Cosigning a loan makes you equally responsible for the full debt. If the primary borrower misses a single payment, it damages your credit score. If they stop paying entirely, the lender comes after you for the full balance. The FTC advises treating a cosign request as an application to take on that debt yourself, because legally, that is exactly what it is.

Cosigning is frequently presented as a favour with limited personal risk. The legal reality is different: cosigners are equally liable for the debt from day one, not as a last resort.

What Cosigning Actually Means Legally

When you cosign a loan, you are not a guarantor who pays only if the primary borrower exhausts all other options. You are a co-borrower, equally and immediately responsible for the full debt.

This means:

  • The lender can pursue you for the full balance the moment the primary borrower misses a payment, without suing the primary borrower first
  • Every payment (or missed payment) appears on your credit report
  • The debt counts against your debt-to-income ratio if you later apply for your own mortgage, car loan, or credit

What Can Go Wrong

Late payments damage your credit. You have no control over whether the primary borrower pays on time. One 30-day late payment can lower your credit score by 50 to 100 points.

Default leaves you holding the debt. If the primary borrower stops paying, the lender contacts you for the balance. Your options are limited: pay it yourself or face collection activity and credit damage.

The relationship suffers. Money problems between people in close relationships are a leading cause of permanent damage to those relationships.

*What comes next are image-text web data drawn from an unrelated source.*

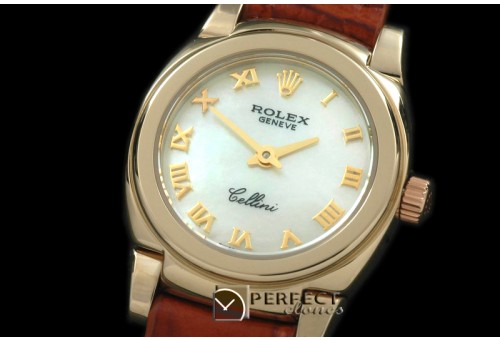RLCM00203 Ladies Mini Cellini YG/LE MOP White Roman Swiss Quartz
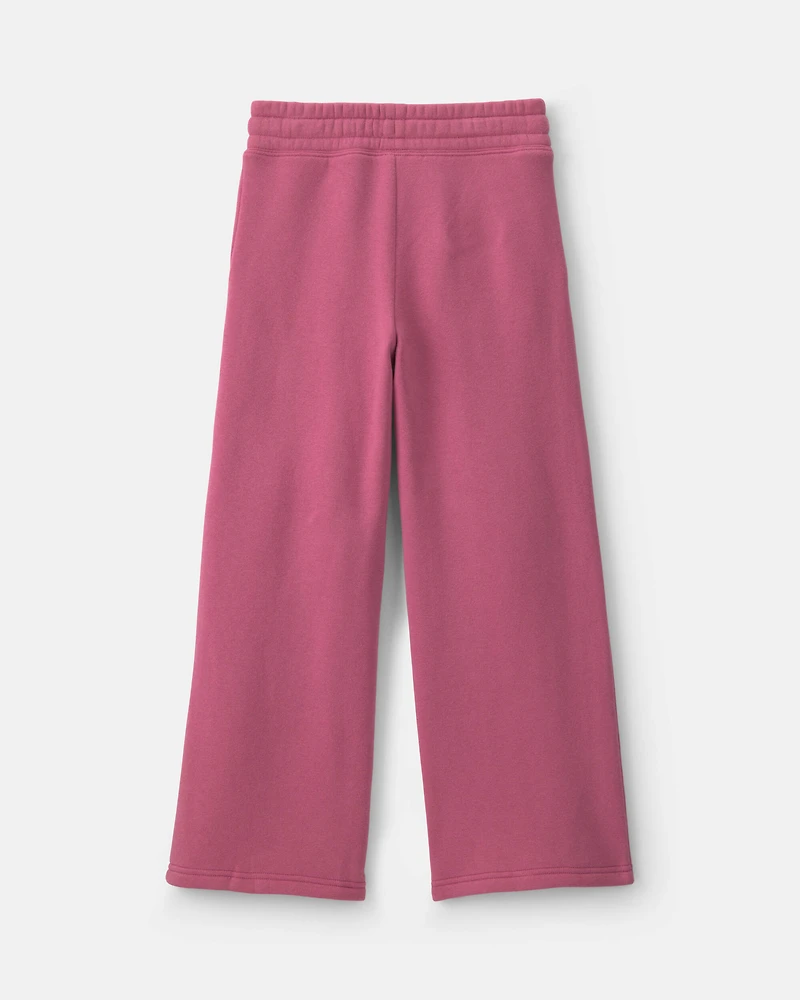 Girls Fleece Wide-Leg Active Pants - Pink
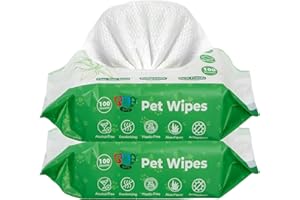PET GURU Dogs & Cats Puppies 200 Large Thick Pet Wipes Plastic Free Biodegradable Cleaning Deodorizing & Grooming Antibecterial Dog Wipes (200)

You cannot easily remove yourself. Getting removed as a cosigner typically requires refinancing the loan in the primary borrower's name alone, which requires them to qualify on their own, which is why they needed a cosigner in the first place.

Before You Agree to Cosign

Ask yourself:

  • Can I afford to pay this loan in full if the primary borrower cannot?
  • Do I fully trust this person's financial responsibility and payment habits?
  • Am I comfortable with this debt appearing on my credit report for the full loan term?
  • Would my own credit or finances be affected if this appears on my credit report?

If you cannot answer yes to all of these, do not cosign.

If You Do Cosign

Protect yourself:

  • Get copies of all loan documents
  • Set up account access or alerts so you can monitor payment status directly
  • Have a clear, explicit conversation with the primary borrower about payment responsibility
  • Understand the full loan term, you are potentially on the hook for that entire period

How to Get Off a Cosigned Loan

Your options are limited. The most common path is the primary borrower refinancing the loan in their name alone once their credit improves. Some lenders offer cosigner release provisions after a period of on-time payments, ask specifically about this before signing.